One city with an especially aggressive green-bond program is San Francisco. The controller touts a report from C40 Cities noting that San Francisco has already reduced its greenhouse gas emissions by 36 percent since 1990 (although most of that reduction cannot be attributed to green bonds, which the city only began issuing in 2015).
Certifications notwithstanding, it is far from clear that investing in San Francisco bonds is a great way to combat climate change. One San Francisco certified green bond helped finance the Salesforce Transit Center, a new transportation terminal that recently opened in the city’s downtown. The Series 2019 green bonds helped fund a rooftop park for the center as well as its “train box.”
Although the rooftop park’s trees provide some climate benefits, this is not the case with the train box, which was built to accommodate commuter-rail service from San Jose, as well as California High-Speed Rail. But trains cannot reach the station until a subway tunnel is constructed between the Salesforce Transit Center and the current terminus at the Caltrain station.

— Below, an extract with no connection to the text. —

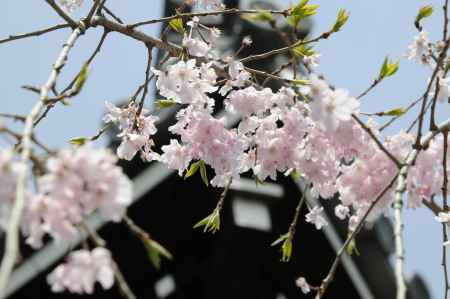 佛光寺　桜４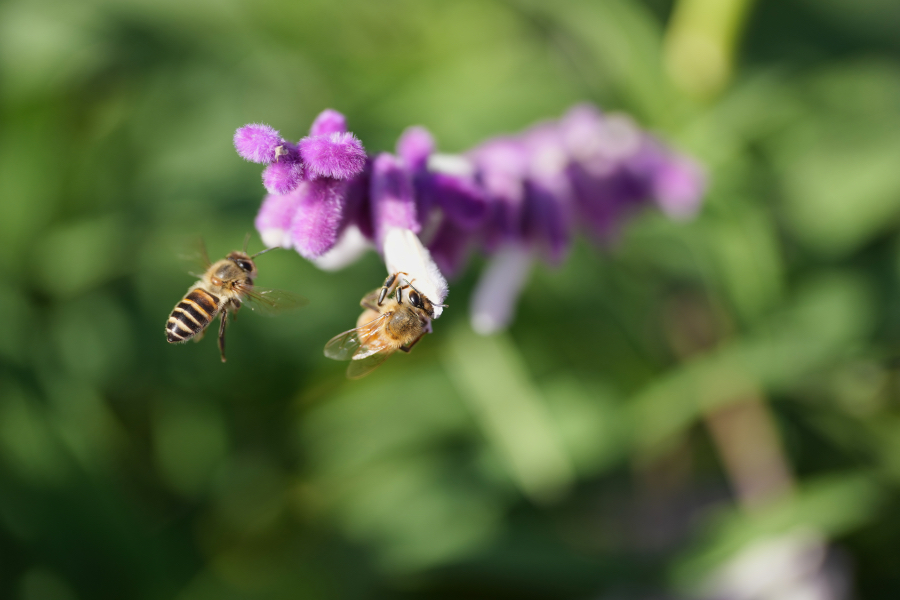 SONY α1 II + FE 100mm F2.8 Macro GM OSS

Only 1.4 miles separate the two locations, but the subway project has yet to be funded. Transit officials will have to pull together $6 billion to build the line and make associated improvements. Even if the bipartisan infrastructure bill is signed into law, San Francisco will have to compete with other communities for the federal share of this funding package. And, even once funding is identified, it could take a decade or more to start service. Even the transit advocates at Streetsblog project a start date of “sometime after 2032.”

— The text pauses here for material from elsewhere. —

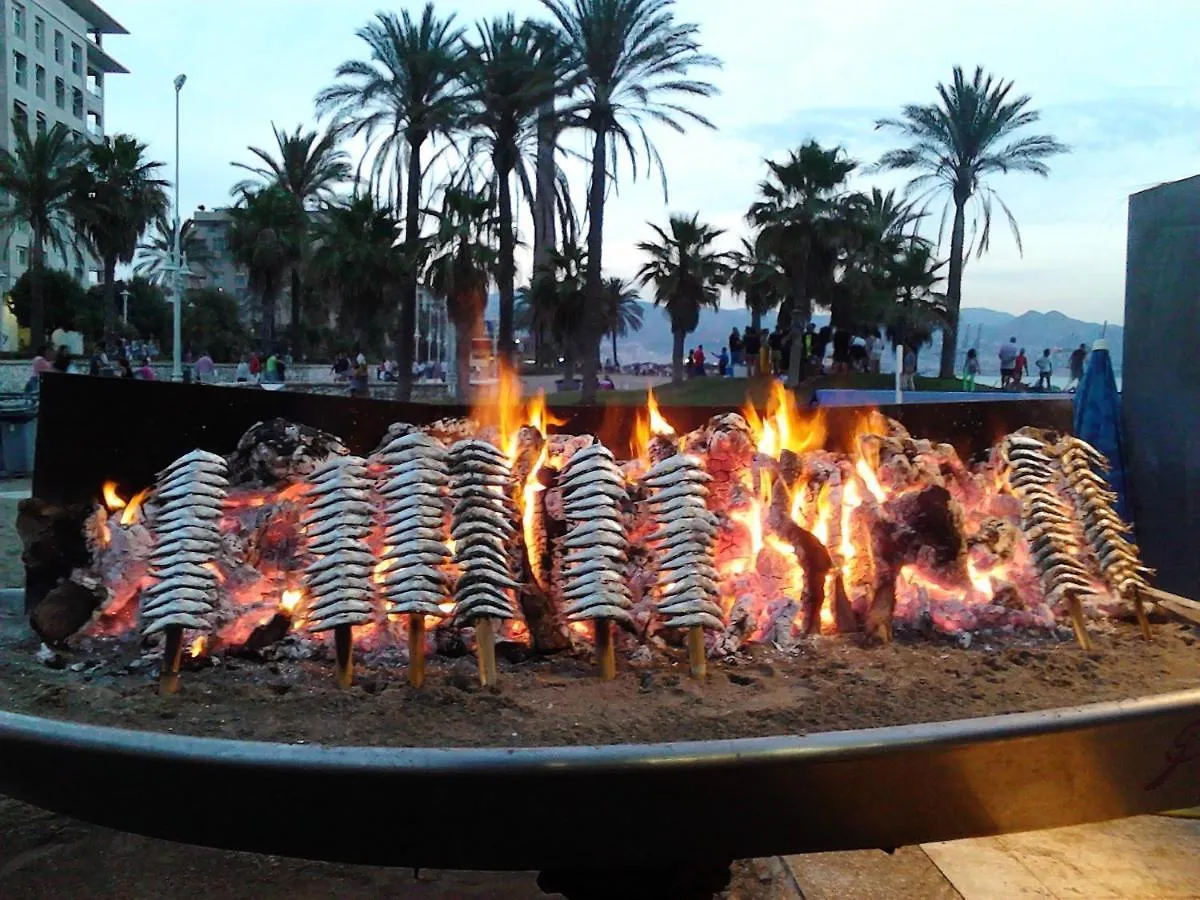 Luxury Loft Malaga Torremolinos Sol Apartment Spain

So bond funding of the train box will not result in any transit service for at least thirteen years from the date of issuance, if it ever does. Even then, it is not clear that many train passengers will use the new station, given the transition to work-from-home now occurring in the Bay Area and nationally. Further, train ridership overstates the climate benefit to the extent that riders switch to the train from walking or other transit alternatives. Right now, passengers alighting at the Caltrain terminus often board a light rail train that connects to downtown.
Building a train station in San Francisco without connecting track in hopes that it will attract a subway line and passengers ditching their cars to use it does not seem like the most efficient way of using bond proceeds to reduce greenhouse gas emissions. But investors relying on climate bond certifications would not know that.
In addition to the certifications, several rating agencies and analytics firms are assigning ESG ratings and scores to municipal-bond issuers and their debt securities. Much of this analysis is proprietary and thus not readily available for analysis. But a recent Standard and Poor’s analysis of a San Francisco green-bond offering for additional transit upgrades does not address ridership impacts, let alone estimate the number of car trips displaced or carbon emission reductions.
At this stage, municipal ESG analysis is relatively new. But it looks like it will have to go a long evolution before it can provide meaningful guidance to investors hoping to fight climate change in the most cost-effective manner.
For now, municipal investors seem best served by pursuing strategies that maximize their risk-adjusted returns, employing traditional credit analysis. While it is theoretically possible to achieve better financial and environmental results by incorporating ESG factors, real-world benefits are likely to be elusive given the incomplete amount of available information.
A version of this column previously appeared in National Review Capital Matters.